Walter [5] presents an example of a matched case control study with 104 matched sets, each with a single case, 27 containing a single control and 77 containing two controls. Using the sample estimate of a discordant control pair from the sets with two controls, it is estimated that ${\hat{ψ}}^{*} = 0.385$ . For a design with 104 matched sets with ∑_i m_i = 181 and $Σ_{i} m_{i}^{2} = 355$ , Walter’s (37) provides an estimate of power = 0.57 to detect a difference of Δ = 0.1 in the probability of a positive covariate value among cases versus controls.

To examine the agreement with the more general expressions herein, power was calculated using (38) and Walter’s (37) over a range of values 0.15 ≤ π₁ ≤ 0.55 with corresponding π₂ = π₁ −0.1, and π₀ = π₁ −0.05. For all of these cases, since Δ = 0.1, Walter’s equation yields power of 0.57. The following are the corresponding odds ratios for each value of π₀, and the corresponding level of power:

\begin{matrix} π_{0} & 0.10 & 0.15 & 0.20 & 0.25 & 0.30 & 0.35 & 0.40 & 0.45 & 0.50 \\ OR & 3.353 & 2.250 & 1.889 & 1.714 & 1.615 & 1.556 & 1.519 & 1.500 & 1.494 \\ Power & 0.899 & 0.754 & 0.657 & 0.593 & 0.550 & 0.521 & 0.502 & 0.492 & 0.488 \end{matrix}

(41)

As π₀ decreases below 0.25 (or increases above 0.75) the odds ratio for a fixed Δ = 0.1 increases exponentially and so does power. Walter’s method does poorly in this case. Similar results are obtained for other values of Δ, Walter’s method underestimating power for π₀ < 0.25 (> 0.75), and increasingly overestimating power as π₀ approaches 0.5.

5. DISCUSSION

This paper describes the power of the score test in the conditional logistic regression model, or the Cox proportional hazards model with the Cox adjustment for ties and stratified sets, that can be applied to a study with any numbers of cases and controls or to the case where sets are sampled from a distribution of cases and controls within sets. For example, suppose that the distribution of (d_i, m_i) for the Hosmer-Lemeshow study presented in (39) represents the population of possible sets of cases and controls. From (40), the mean contribution among sets to I(θ₀) is 51.2615/17 = 3.0154. Then the above expressions could be generalized to provide the power of a study with N sets sampled at random from this distribution. For example, for the test of the effect of a history of urinary tract infection, then the value of I(θ₀) with N = 25 such sets would be I(θ₀) = 25 * (0.1275)(3.0154) = 9.6115 that would provide 90% power to detect an odds ratio of 2.845. This strategy could be employed when the distribution of numbers of cases and controls is unknown but the mean numbers, and approximately the mean factor, can be specified.

In many cases, such as the study described by Hosmer and Lemeshow, the objective is to evaluate multiple risk factors simultaneously, or the effect of one risk factor adjusted for other covariates.

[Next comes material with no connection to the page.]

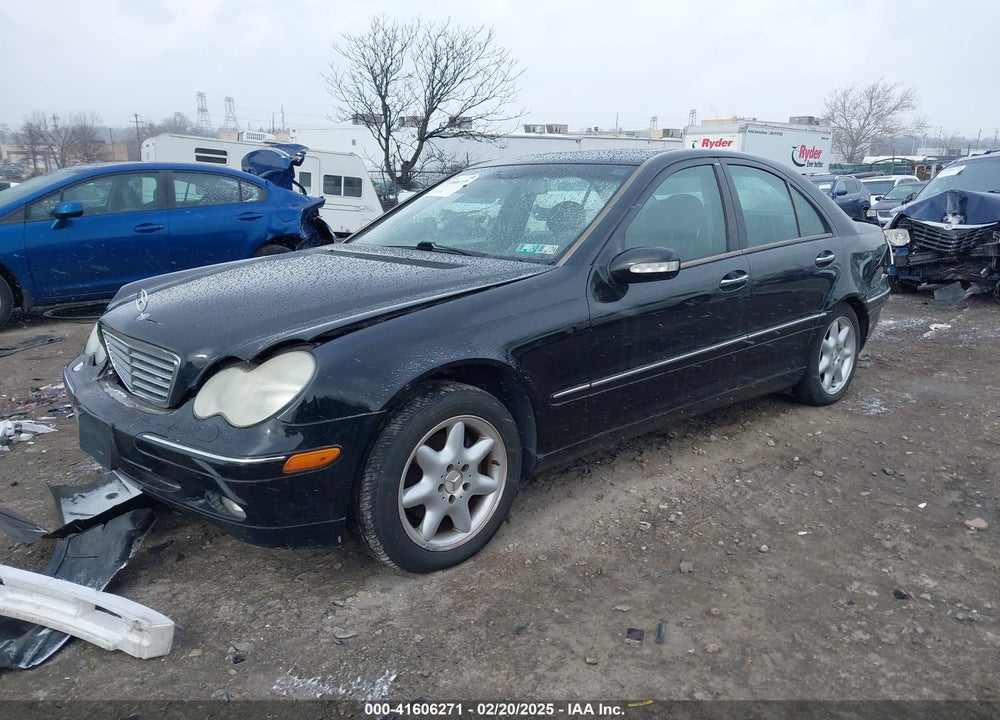 2002 MERCEDES-BENZ C 240 VIN: WDBRF61J12E005521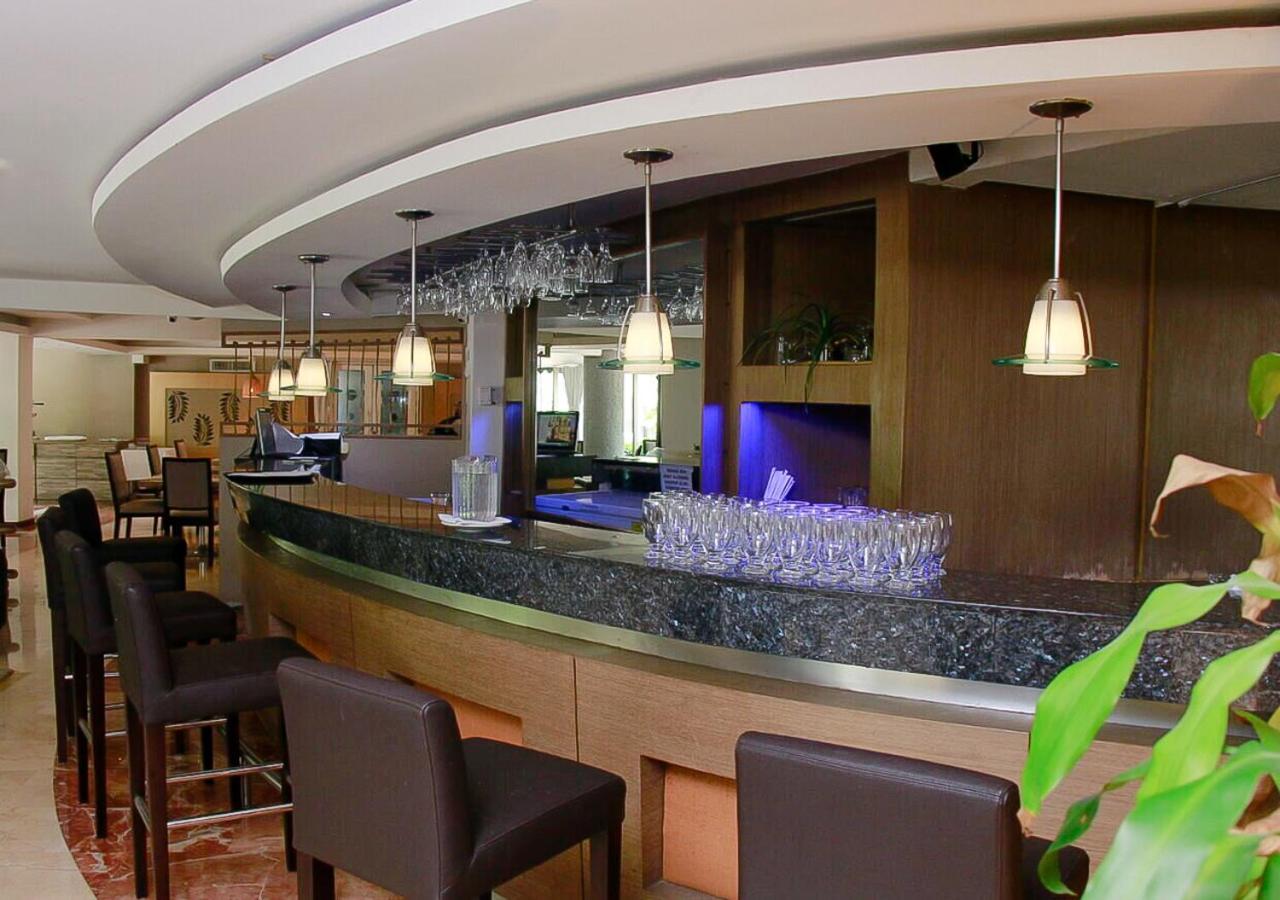 Country International Hotel Barranquilla  Dış mekan fotoğraf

In this case, the score test is a C_α test. In principle, the power function for this test could also be derived for a given covariance matrix of the parameter estimates evaluated under the null hypothesis for the one factor of interest. This would be algebraically and computationally tedious.

Alternately, it seems reasonable to employ a deflation factor in conjunction with a univariate assessment. Let ${\hat{β}}_{x}$ denote the estimate of the coefficient for the risk factor of interest X in a univariate unadjusted model with information function $I ({\hat{β}}_{x})$ and corresponding variance of the estimate $V ({\hat{β}}_{x})$ . Then let ${\hat{β}}_{x ∣ z}$ denote the coefficient estimate in a model adjusted for a vector of other covariates Z, where $R_{x ∣ z}^{2}$ is the coefficient of determination for the regression of X on Z. Hsieh and Lavori [16] then obtain the covariate adjusted variance as

V ({\hat{β}}_{x ∣ z}) = V ({\hat{β}}_{x}) {[1 - R_{x ∣ z}^{2}]}^{- 1} = {(I ({\hat{β}}_{x}) [1 - R_{x ∣ z}^{2}])}^{- 1} .

(42)

Likewise, the expressions herein would be modified to employ $I (θ_{0}) [1 - R_{x ∣ z}^{2}]$ . This approach was also recently shown by Bernardo et al. [20] to apply to the power function of the score test in an exponential regression model for survival data.

For example, in the Hosmer-Lemeshow study, there is 90% power to detect an odds ratio of 0.986 per unit increase in weight in a univariate analysis. In the multivariate analysis in [3], R² = 0.0634 for the regression of maternal weight on the other covariates. Then (40) would be modified to yield

I (θ_{0}) = {(32)}^{2} (51.2615) (1 - 0.0634) = 49163.8

(43)

that in turn yields 87.8% power to detect an odds ratio of 0.986 per unit increase in weight in the adjusted analysis. If weight had a higher intercorrelation with other covariates in the model, such as $R_{x ∣ z}^{2} = 0.3$ , power would be reduced to 77%.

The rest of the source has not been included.